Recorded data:
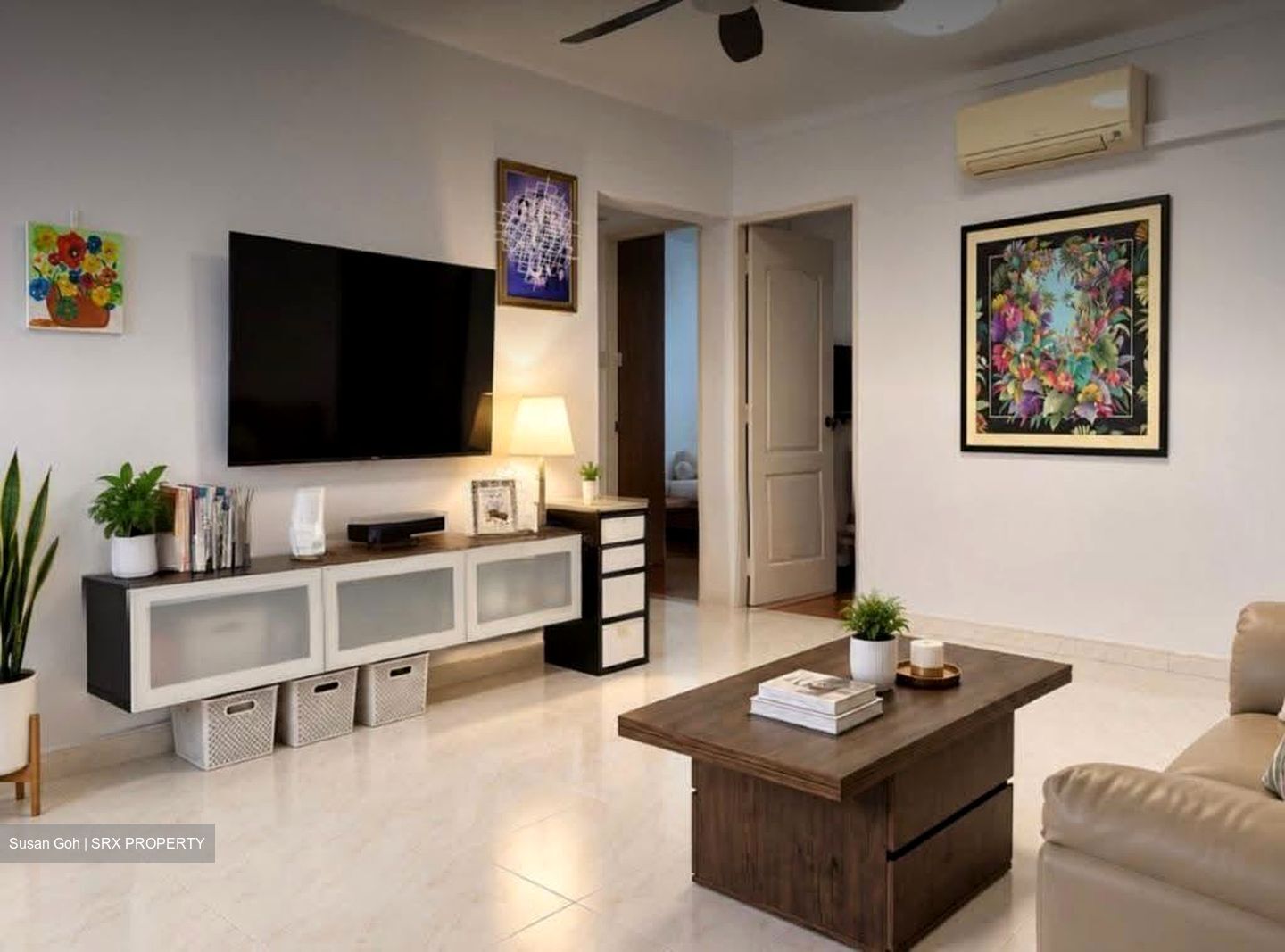 Blk 573 Cheng San Court (Ang Mo Kio), HDB 4 Rooms #623844221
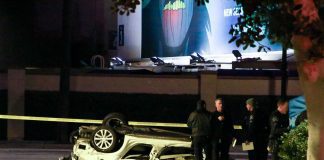 Fatal Traffic Accident Overnight Leaves One Dead On Olive At Pass Avenue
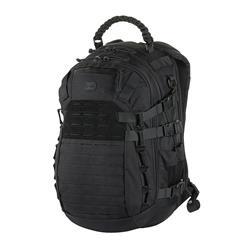 M-Tac - Tactical Mission Pack - 25 Liters - Black - LT-2249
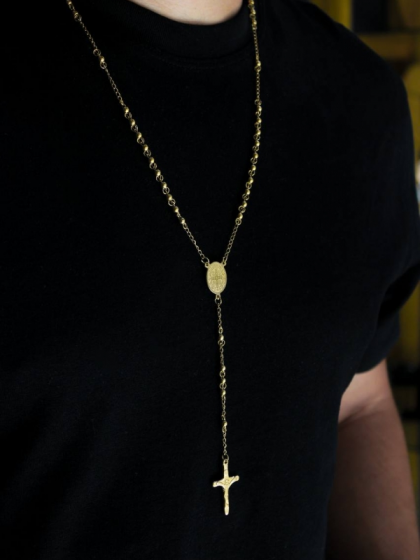Maxi Rosario Dorado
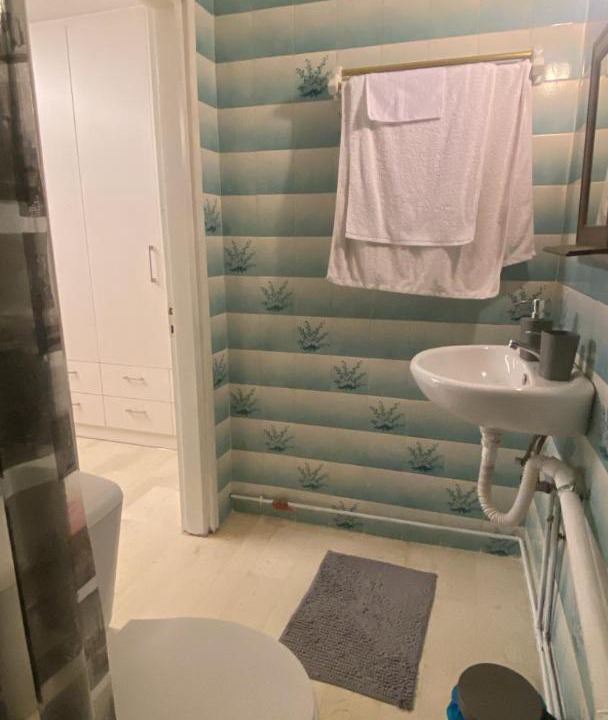 Photo of Bathroom in Nea Artaki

__EXERCISE OBJECTIVE__. Each record above is to be returned unchanged, while any picture it holds stays out.

__EXPECTED ANSWER__.
 Blk 573 Cheng San Court (Ang Mo Kio), HDB 4 Rooms #623844221
 Fatal Traffic Accident Overnight Leaves One Dead On Olive At Pass Avenue
 M-Tac - Tactical Mission Pack - 25 Liters - Black - LT-2249
Maxi Rosario Dorado
 Photo of Bathroom in Nea Artaki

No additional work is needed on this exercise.